Perform DSA signature verification in SparkleUpdateInfoProvider

[groob]

Recently, the Handbrake download was compromised to distribute a version of known malware.

Would it be possible for AutoPKG to check for the known, bad version of this software or is this out of scope?

Edit: the download was fixed, so this issue is more of a FYI for anyone that updated handbrake recently.

[gregneagle]

Would this not be covered by the VirusTotal postprocessor for those interested?

…

Sent from my iPhone

On May 6, 2017, at 12:15 PM, Victor Vrantchan ***@***.***> wrote: Recently, the Handbrake download was compromised to distribute a version of known malware. Would it be possible for AutoPKG to check for the known, bad version of this software or is this out of scope? — You are receiving this because you are subscribed to this thread. Reply to this email directly, view it on GitHub, or mute the thread.

[macmule]

Hi folks,

So, I wonder if we could add a DSA signature check somehow to the Sparkle processor?

With Sparkle, you can sign an update. Within the AppCast.xml there is the DSA, as per:

sparkle:dsaSignature="MCwCFHIJEtiUSy0wRy5TjzXQmvYOTdDvAhQROkC8f7z+qF5FaY18aY3wWDPjFg=="

An app bundles info.plist should give details to the name of it's public key name, which is round in the /Resources folder within the app bundle:

<key>SUPublicDSAKeyFile</key>
<string>dsa_pub.pem</string>

FWIW, these examples were taken from AutoCasperNBI.. but Handbrake has the same.

[macmule]

if the DSA sig can be calculated via AutoPkg, I can test creating an app & invalidating the DSA

[timsutton]

I remember looking at this possibility when first working on the SparkleUpdateInfoProvider, and it was before there was already an established pattern of using the CodeSignatureVerifier processor as part of a download step. Now that this is commonplace, it seems reasonable to mount a DMG or read a file from an app's resources bundle.
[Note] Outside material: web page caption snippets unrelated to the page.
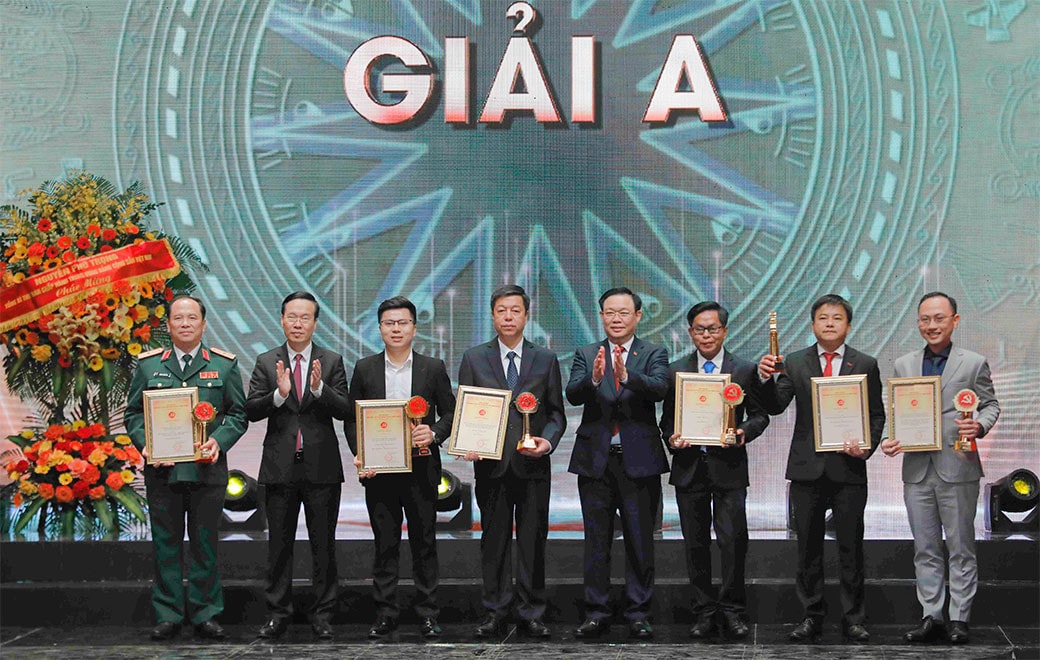 Chủ tịch Quốc hội Vương Đình Huệ dự Lễ trao giải báo chí toàn quốc về xây dựng Đảng lần thứ VII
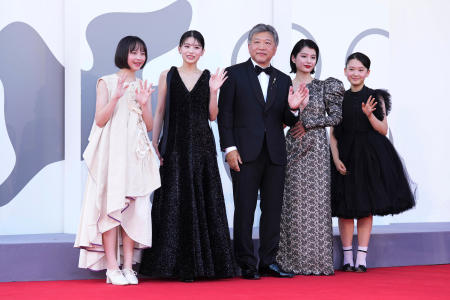 Japanese filmmaker Kore-eda brings beloved manga tale of friendship to Venice Japanese filmmaker Kore-eda brings beloved manga tale of friendship to Venice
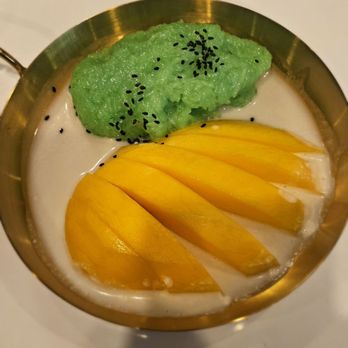 The Nine Heathrow Thai Grill & Kitchen - Mango sticky rice - Thai Near Me - Heathrow, Florida The Nine Heathrow Thai Grill & Kitchen - Mango sticky rice - Thai Near Me - Heathrow, Florida
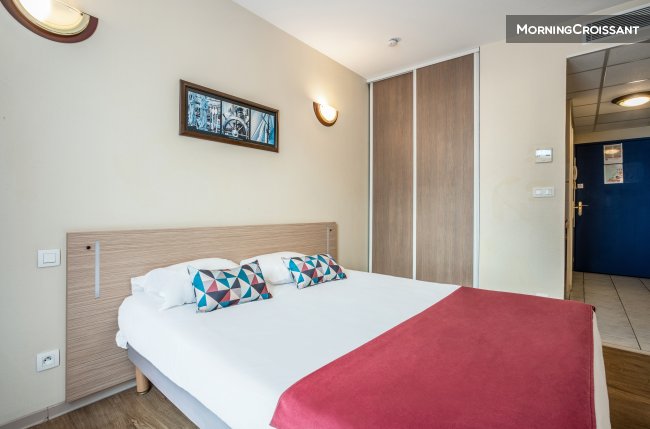 Beautiful studio with hotel service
It seems reasonable to me that if the code to do the signature verification could be done using no additional Python dependencies and work on all supported versions of macOS, then this could be worth doing as yet another validation of the download.

One way to implement this would be to implement the same verification code that Sparkle does (using CommonCrypto and PyObjC), or perhaps even better would be to use the pyobjc library support for dynamically adding your own bridgesupport metadata and actually load the Sparkle framework included with the app. The advantage is that you avoid re-implementing the verification code, and the disadvantage is trading one instability for another - relying on a method provided by the Sparkle framework whose signature may change subtly in different versions. Either way there are some concerns here to make it so that this works consistently across different OS versions and/or bundled Sparkle frameworks.